*** Block opens ***
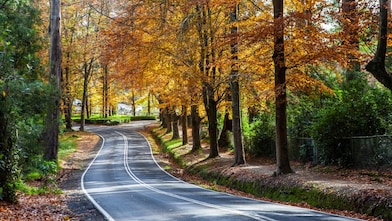 A road in Victoria’s Dandenong Ranges is framed by autumn foliage.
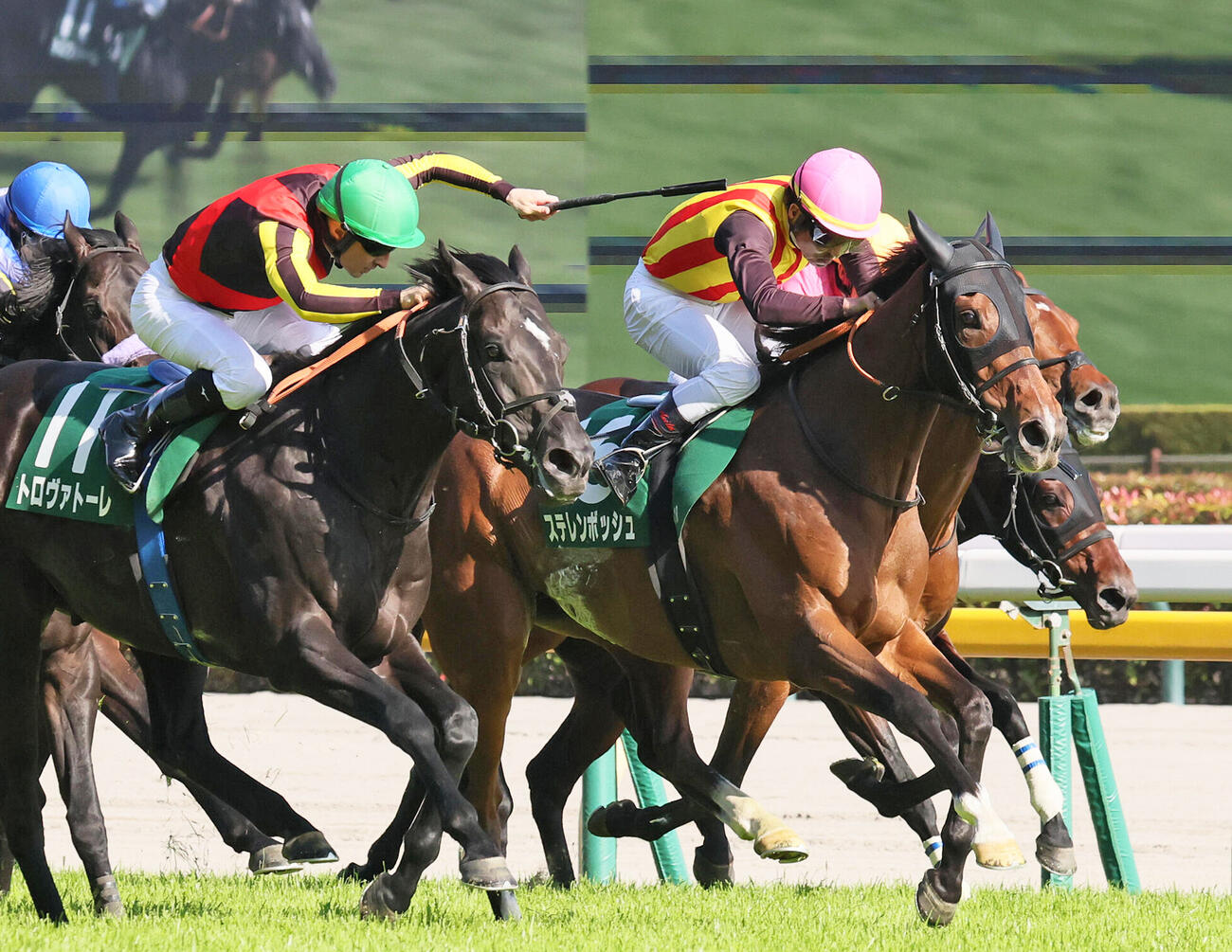 エプソムC2着に敗れたステレンボッシュ（右）。左は勝ったトロヴァトーレ（撮影・丹羽敏通）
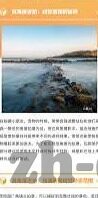 麻豆91免费版-探索网络世界的多元之窗——麻豆91的另类视角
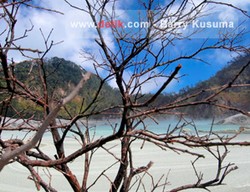 Kawah Putih Gunung Patuha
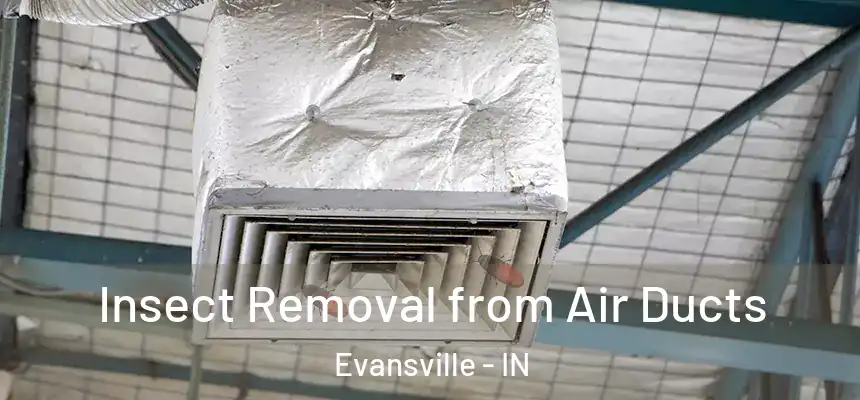 Insect Removal from Air Ducts Evansville - IN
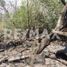  Terreno (Parcela) en venta en Tepoztlan, Morelos, Tepoztlan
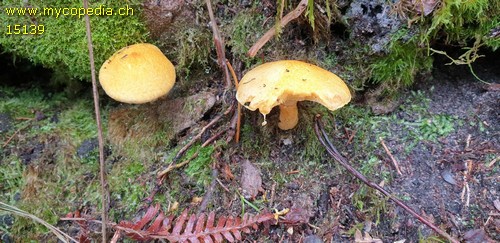 Suillus flavidus - 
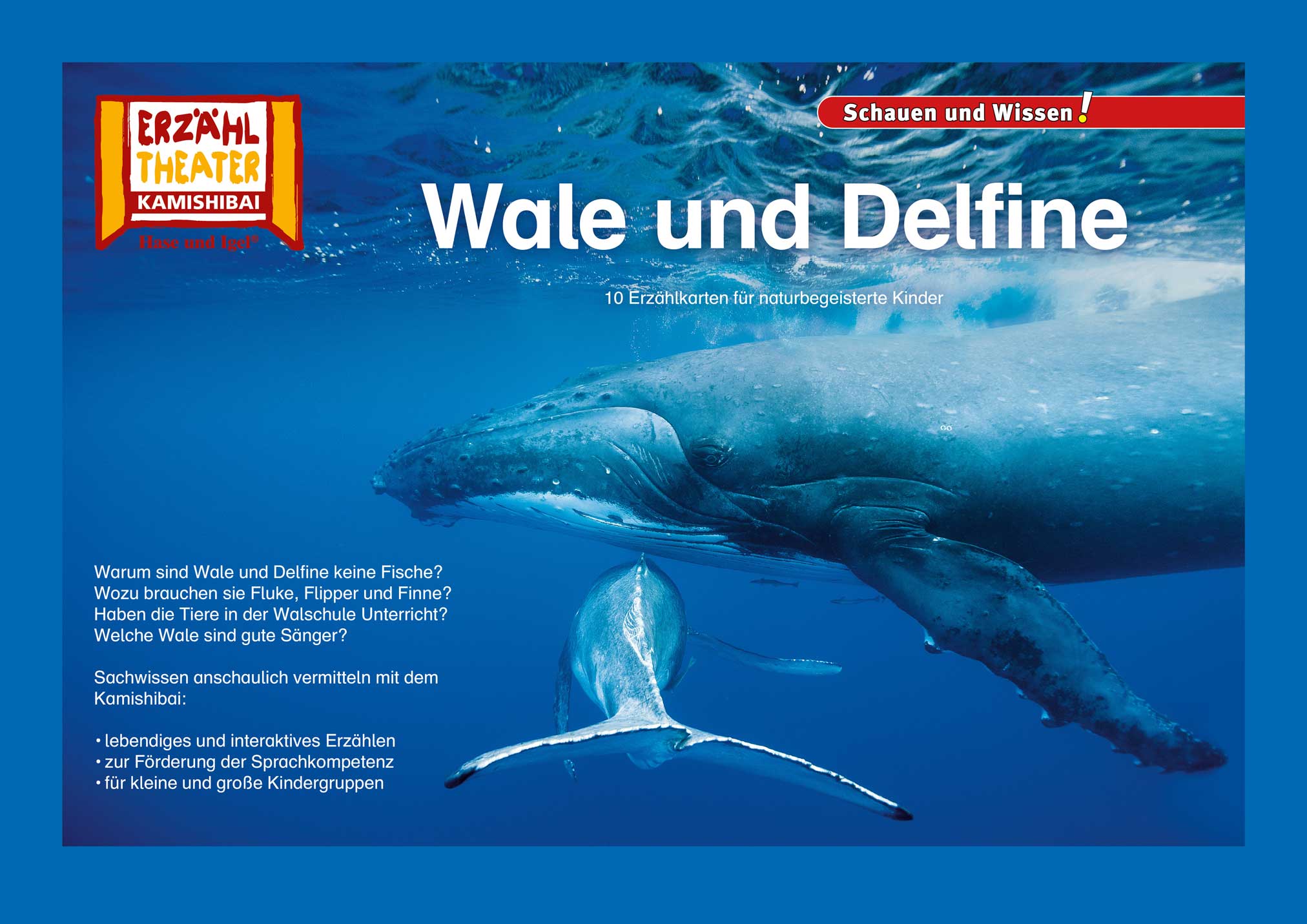 Wale und Delfine / Kamishibai Bildkarten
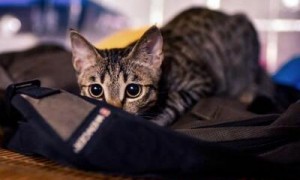 小猫呼噜着舔毛毯怎么回事啊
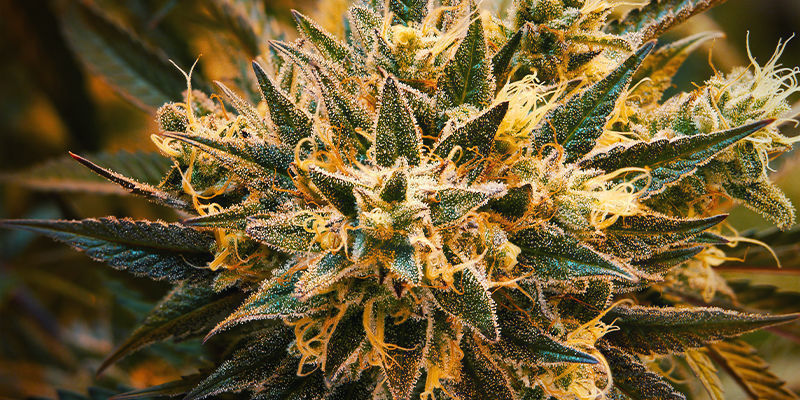 Czym jest delta-8 THC?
*** Block closes ***
- **Work request**
Leave out the images and copy every record above exactly.

- **Your solution**
 A road in Victoria’s Dandenong Ranges is framed by autumn foliage.
 エプソムC2着に敗れたステレンボッシュ（右）。左は勝ったトロヴァトーレ（撮影・丹羽敏通）
 麻豆91免费版-探索网络世界的多元之窗——麻豆91的另类视角
 Kawah Putih Gunung Patuha
 Insect Removal from Air Ducts Evansville - IN
  Terreno (Parcela) en venta en Tepoztlan, Morelos, Tepoztlan
 Suillus flavidus - 
 Wale und Delfine / Kamishibai Bildkarten
 小猫呼噜着舔毛毯怎么回事啊
 Czym jest delta-8 THC?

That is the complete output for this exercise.